Major arcs in the proof that every odd number is the sum of at most 5 primes In his proof that all odd numbers greater than 1 are the sum of at most 5 primes, Terence Tao uses one large major arc around 0 rather than small ones around the rationals, which I am more accustomed to seeing. What are the advantages of using such a major arc?
Here is the paper: http://arxiv.org/pdf/1201.6656.pdf
I have also posted this on math.SE here: https://math.stackexchange.com/questions/785782/major-arcs-in-the-proof-that-every-odd-number-is-the-sum-of-at-most-5-primes
 A: The first reason is that you do not gain much by considering major arcs around rational numbers with denominator $\geq 3$. The reason is that the contribution of the major arcs $\{a/q:(a,q)=1\}$ reflects the inhomogenity of the distribution of the function in question modulo $q$, which cannot be explained by the distribution modulo proper divisors of $q$. But already $q\geq 3$ this inhomogenity is pretty small. Define $r_q(a)$ as the number of representations of $a\pmod{q}$ as the sum of 5 residue classes coprime to $q$. Then we have $r_3(1)=r_3(2)=11$, $r_3(0)=10$, and the difference of these values is pretty small. As $q$ increases, this difference decreases pretty fast.

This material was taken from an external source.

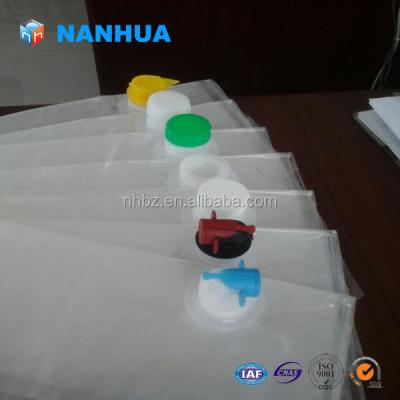 China BIODEGRADABLE oil, egg-liquid, water bag in box for sale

The second reason is that a good numerical evaluation of an arc around $a/q$ requires bounds for the error term in the prime number theorem modulo $q$, and for small values (say around $10^{30}$) such estimates are surprisingly difficult.
Note that for Helfgott's proof of ternary Goldbach computations for the roots of Dirichlet $L$-series were necessary, which went way beyond everything done before in this direction.